La tecnología no resuelve todos los problemas, incluso, a veces los aumenta. La aplicación de monocultivos avanzados en África durante el siglo XX como supuesta solución al hambre provocó a la larga la devastación ecológica de amplias regiones, el agotamiento de tierras y, en consecuencia, más hambruna que luego se atribuyó casi exclusivamente a la sequía. Hoy se cree que el calentamiento global antropogénico será resuelto con paneles solares y aerogeneradores, como si el actual modelo de producción y consumo nada tuviera que ver. Si la tecnología no está acompañada de un proceso de transformación social, política y económica, de poco o nada servirá para resolver problemas.

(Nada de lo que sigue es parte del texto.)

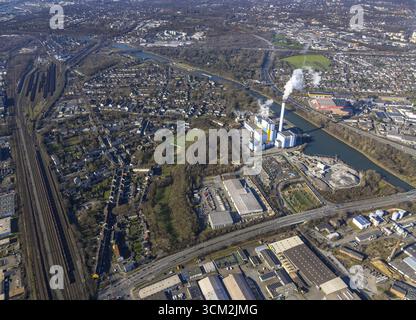 Luftbild, Energieunternehmen GMVA Niederrhein GmbH, Lirich, Oberhausen, Ruhrgebiet, Nordrhein-Westfalen, Deutschland, DEUTSCHLAND, Entsorgungsunternehmen, Europa Stockfoto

Por otra parte, hoy abundan las innovaciones tecnológicas completamente inútiles, como poner luces a unos zapatos, lo cual, siendo críticos, lo único que genera es más basura. Las máquinas no van a superar al ser humano. De la misma manera que el ser humano nunca será un dios ni más que un dios, una máquina nunca será un ser humano ni, por ende, más que éste. Los ordenadores podrán llevar a cabo procesos lógicos de manera independiente y automática de manera inimaginablemente más rápida que una persona, pero nunca podrán tener conciencia ni intuición por la simple razón de que ambas cualidades humanas dependen de un complejo sistema neurológico, psicológico, nervioso y emocional para existir. No es sólo una parte aislada del cerebro y, dicho sea de paso, ni el cerebro ni el cuerpo humano son máquinas. Son organismos vivos. Y tal vez ese sea el principal problema de los fetichistas tecnoidólatras: asumen que nada hay más allá de las máquinas. Pero la realidad es mucho más grande que los circuitos y programas que tanto veneran y tras los cuales, lo admitan o no, siempre hay un ser humano.